Treisman’s main source of data is Forbes’ annual rankings of billionaires and their estimated net worth.

The dataset mle/fp.dta can be downloaded from here or its AER page.

pd.options.display.max_columns = 10

# Load in data and view
df = pd.read_stata('https://github.com/QuantEcon/lecture-python/blob/master/source/_static/lecture_specific/mle/fp.dta?raw=true')
country ccode year cyear numbil ... topint08 rintr noyrs roflaw nrrents
0 United States 2.0 1990.0 21990.0 NaN ... 39.799999 4.988405 20.0 1.61 NaN
1 United States 2.0 1991.0 21991.0 NaN ... 39.799999 4.988405 20.0 1.61 NaN
2 United States 2.0 1992.0 21992.0 NaN ... 39.799999 4.988405 20.0 1.61 NaN
3 United States 2.0 1993.0 21993.0 NaN ... 39.799999 4.988405 20.0 1.61 NaN
4 United States 2.0 1994.0 21994.0 NaN ... 39.799999 4.988405 20.0 1.61 NaN

5 rows × 36 columns

Using a histogram, we can view the distribution of the number of billionaires per country, numbil0, in 2008 (the United States is dropped for plotting purposes)

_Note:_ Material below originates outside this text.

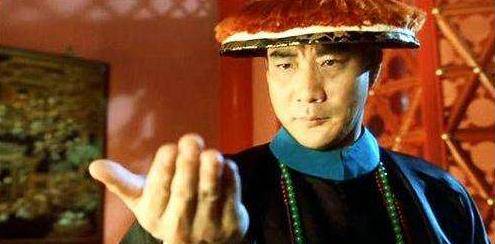 大侠|抢张国荣女友，骗雪梨未婚生子，70岁的徐少强成“网红杀手”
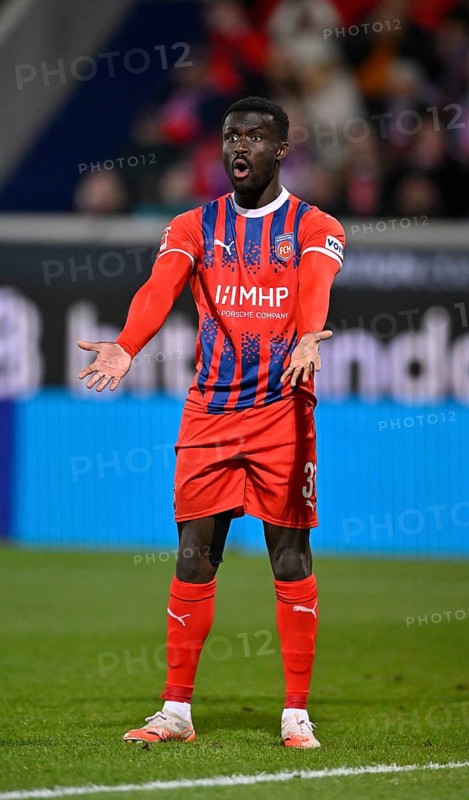 Sirlod Conteh 1. FC Heidenheim 1846 FCH (31) Gesture Gesture angry Relegation, Bundesliga, Voith-Arena, Heidenheim, Baden-Württemberg, Germany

numbil0_2008 = df[(df['year'] == 2008) & (
    df['country'] != 'United States')].loc[:, 'numbil0']

plt.subplots(figsize=(12, 8))
plt.hist(numbil0_2008, bins=30)
plt.xlabel('Number of billionaires in 2008')

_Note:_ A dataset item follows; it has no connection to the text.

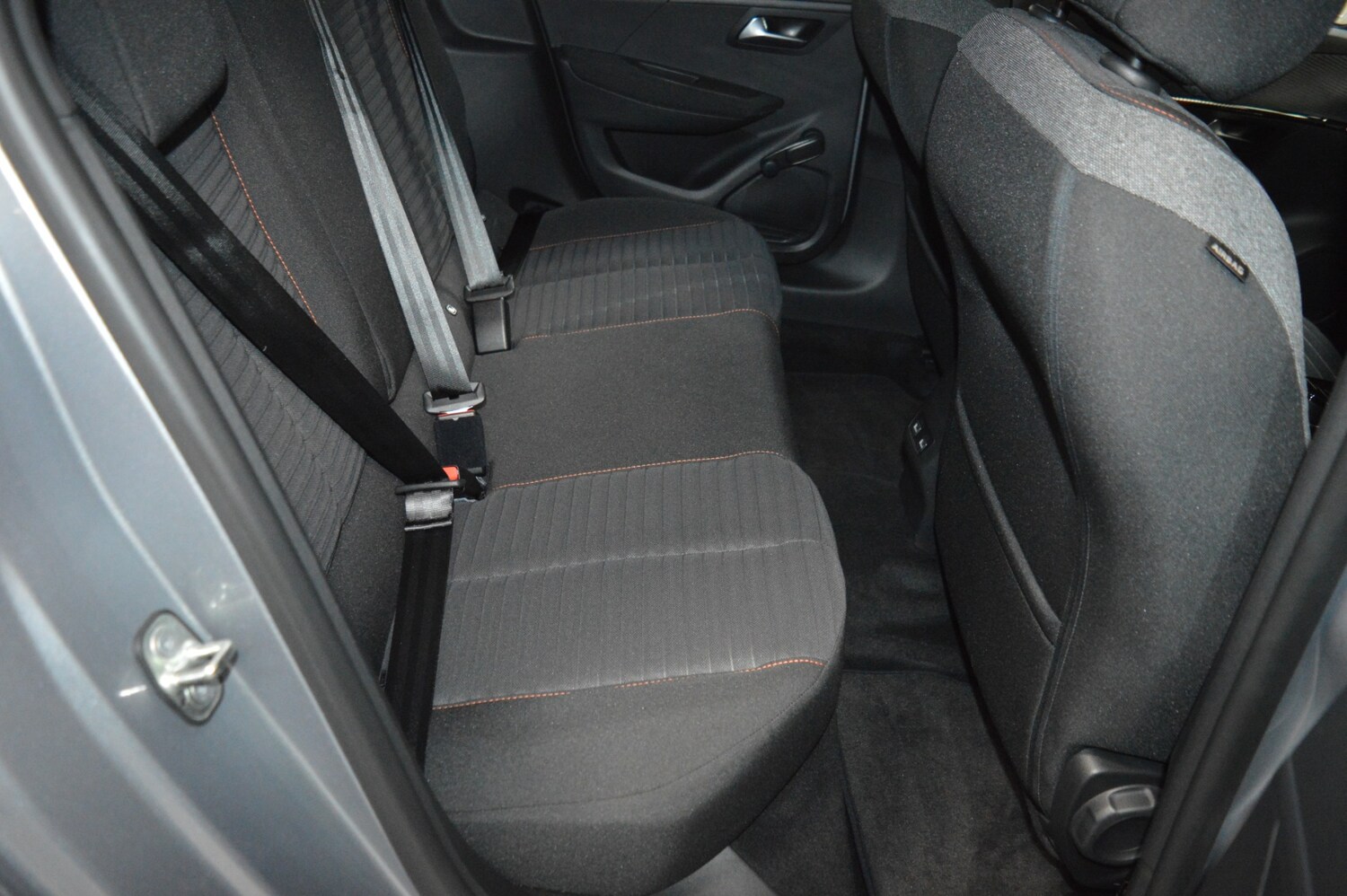 Used Peugeot E-208 2020 for sale - 77461473: Photo 13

From the histogram, it appears that the Poisson assumption is not unreasonable (albeit with a very low \(\mu\) and some outliers).

72.3. Conditional Distributions#

In Treisman’s paper, the dependent variable — the number of billionaires \(y_i\) in country \(i\) — is modeled as a function of GDP per capita, population size, and years membership in GATT and WTO.

Hence, the distribution of \(y_i\) needs to be conditioned on the vector of explanatory variables \(\mathbf{x}_i\).

The standard formulation — the so-called poisson regression model — is as follows:

(72.1)#\[f(y_i \mid \mathbf{x}_i) = \frac{\mu_i^{y_i}}{y_i!} e^{-\mu_i}; \qquad y_i = 0, 1, 2, \ldots , \infty .\]
\[ \text{where}\ \mu_i = \exp(\mathbf{x}_i' \boldsymbol{\beta}) = \exp(\beta_0 + \beta_1 x_{i1} + \ldots + \beta_k x_{ik}) \]

To illustrate the idea that the distribution of \(y_i\) depends on \(\mathbf{x}_i\) let’s run a simple simulation.

We use our poisson_pmf function from above and arbitrary values for \(\boldsymbol{\beta}\) and \(\mathbf{x}_i\)

y_values = range(0, 20)

# Define a parameter vector with estimates
β = np.array([0.26, 0.18, 0.25, -0.1, -0.22])

# Create some observations X
datasets = [np.array([0, 1, 1, 1, 2]),
            np.array([2, 3, 2, 4, 0]),
            np.array([3, 4, 5, 3, 2]),
            np.array([6, 5, 4, 4, 7])]

fig, ax = plt.subplots(figsize=(12, 8))

for X in datasets:
    μ = exp(X @ β)
    distribution = []
    for y_i in y_values:
        distribution.append(poisson_pmf(y_i, μ))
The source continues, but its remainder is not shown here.